Starting Thursday, March 7, Sonos will start shipping the second generation of its Alexa-enabled smart speaker, the Sonos One, and it will be equipped with an updated processor, increased memory, and somewhat surprisingly, Bluetooth Low Energy (BLE).
Bluetooth in a Sonos product? It’s actually not the first time. The Sonos Beam has BLE too. But before your head explodes at the idea that Sonos might be walking back from its 15-year exclusive commitment to Wi-Fi as its audio transport technology of choice, it’s unlikely this addition means Sonos is about to support Bluetooth streaming. A company spokesperson told Digital Trends that BLE will be used “to temporarily communicate with your phone/tablet to simplify the first-time setup process.” They further noted that, “there are no changes to the design and features available for customers,” which makes sense. Bluetooth Low Energy is a different kind of Bluetooth from the one that supports wireless headphones, and there is currently no officially supported way for it to carry audio or voice. The technology tends to be used for other purposes, like mesh networking (something Sonos already does via Wi-Fi) and other applications that require constant, but low bandwidth data transmission, like fitness and healthcare monitoring devices.

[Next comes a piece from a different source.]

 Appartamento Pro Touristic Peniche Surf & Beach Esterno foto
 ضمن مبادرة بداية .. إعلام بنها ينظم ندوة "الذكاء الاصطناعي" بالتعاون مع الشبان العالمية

As much as an easier setup is a good thing, we can’t help but speculate on other uses for BLE. After all, Sonos already has one of the easiest and quickest set-up procedures we’ve ever experienced. Does it really need to add a new BLE radio for a task most users will only perform a handful of times? A quick look at BLE’s features and benefits might yield some clues as to other possible future uses. Support for BLE has been baked into mobile devices for a long time and has been a feature of nearly every iOS and Android phone and tablet since iOS 5 and Android 4.3. Apple uses it as the basis of its iBeacon technology, which lets retailers and other businesses accurately track the location of iPhones through proximity sensing. Sonos could use this aspect of BLE to know when a Sonos user is nearby a Sonos One, and automatically play music based on that person’s preferences. The same principles could be used to enable a “follow me” mode, where music playback begins in one room, but then automatically switches to another location as the user moves around a home — no interactions with the speaker or the app required.
Another possibility is that it could be used as part of a larger smart home feature. BLE can be used to communicate with environmental sensors, and though it seems incongruous with Sonos’ pure music-based strategy, you never know what larger partnerships it might be working on with Apple, or others.
Regardless of where and how BLE will be used, Sonos tells us both generations of the Sonos One will continue to be supported through regular updates.
Updated to reflect the fact that the Sonos Beam also has BLE.